ドイツやノルウェーなど欧州の一部の国の気象機関は日本の気象庁などの観測データに基づいて独自に予測し、放射性物質が拡散する様子を連日、天気予報サイトで公開している。日本政府が公開しないことについて内外の専門家からは批判が上がっており、政府の原発事故に関する情報開示の在り方が改めて問われている。

気象庁の予測は、国際原子力機関(IAEA)の要請に基づくもの。国境を越える放射性物質汚染が心配されるときに、各国の気象機関が協力して拡散予測を行う。

同庁では、東日本大震災当日の3月11日から毎日1〜2回、拡散予測を計算している。具体的には、IAEAから送られてきた放射性物質の放出開始時間や継続期間、どれくらいの高さまで上ったかを、風向きや天候など同庁の観測データを加えた上で、スーパーコンピューターに入力し、放射性物質の飛ぶ方向や広がりを予測している。

(2011年4月4日14時30分 読売新聞)

ノルウェーの飛散予測シミュレーションの結果は以前からチェックしているのだが、その結果は、この季節の特に少し暖かくなってきた頃の風の影響を色濃く反映するものだった。西高東低の気圧配置が崩れてくると、それまで西風が支配的だった福島辺りは、時間によって北風、そして南東←→北西の向きの風が吹くことが多くなる。当然フォールアウトもその風に乗る訳で、「東日本大震災・放射能影響予測システムによる試算」(2011年3月23日、時事通信社)に掲載されている、原子力安全委が去る3月23日に発表した試算結果にも、その影響が見てとれる。

僕が何を言いたいのか、と言われそうだが、これらのシミュレーションの結果を見て言える見解が「放射性物質に対する行動を原発からの半径で定めてもあまり意味がない」というものだ、ということを言いたいわけである。フォールアウトは南東と北西に偏って落ちていて、南東は海上だからあまり問題にならないけれど、北西は陸上だから、これは問題になる。原発から30キロ圏外にある北西の辺り……と見ると、最近話題の飯舘村なのである。
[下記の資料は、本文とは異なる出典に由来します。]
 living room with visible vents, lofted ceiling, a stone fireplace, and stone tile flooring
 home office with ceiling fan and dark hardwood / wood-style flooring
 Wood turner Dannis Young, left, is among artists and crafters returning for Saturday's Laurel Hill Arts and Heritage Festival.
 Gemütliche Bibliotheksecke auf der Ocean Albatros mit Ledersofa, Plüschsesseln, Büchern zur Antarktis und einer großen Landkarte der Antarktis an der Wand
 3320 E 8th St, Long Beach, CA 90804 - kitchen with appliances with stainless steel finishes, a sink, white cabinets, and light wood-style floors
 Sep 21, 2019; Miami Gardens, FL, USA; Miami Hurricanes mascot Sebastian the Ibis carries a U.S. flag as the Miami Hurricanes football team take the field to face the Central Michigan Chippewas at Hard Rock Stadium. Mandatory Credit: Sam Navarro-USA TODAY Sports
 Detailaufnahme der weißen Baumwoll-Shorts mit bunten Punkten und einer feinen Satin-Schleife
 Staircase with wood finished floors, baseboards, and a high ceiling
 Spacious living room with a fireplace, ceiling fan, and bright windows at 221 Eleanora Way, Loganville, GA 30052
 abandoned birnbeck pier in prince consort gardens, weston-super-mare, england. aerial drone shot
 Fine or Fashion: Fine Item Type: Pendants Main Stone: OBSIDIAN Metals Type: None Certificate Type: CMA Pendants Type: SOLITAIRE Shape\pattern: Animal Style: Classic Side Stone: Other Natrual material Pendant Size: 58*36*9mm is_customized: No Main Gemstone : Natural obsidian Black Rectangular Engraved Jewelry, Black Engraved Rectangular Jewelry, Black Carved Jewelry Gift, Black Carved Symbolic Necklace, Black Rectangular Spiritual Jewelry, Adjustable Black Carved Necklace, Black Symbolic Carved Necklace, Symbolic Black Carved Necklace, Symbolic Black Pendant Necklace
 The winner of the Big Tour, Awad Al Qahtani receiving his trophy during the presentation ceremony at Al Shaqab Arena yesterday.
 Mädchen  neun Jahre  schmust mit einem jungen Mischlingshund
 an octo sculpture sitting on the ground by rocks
このようなシミュレーションの結果を政府が出そうとしないのは、そのまま出すと不都合な事情があるからだろう。何が不都合なのか、と考えるに、原発からの距離だけで避難か屋内待機、と、バカ(誤解なきように願いたいが、ここで言っているバカは規制される人々のことではなく、規制する側の人々のことである)でも誤たず言及できる今の対策を、もっと複雑で、実情に即したものに変えることにおいて、何らかの不都合があるのだろう。それは、その土地にいる人々の不都合ではない。施政者の不都合なのである。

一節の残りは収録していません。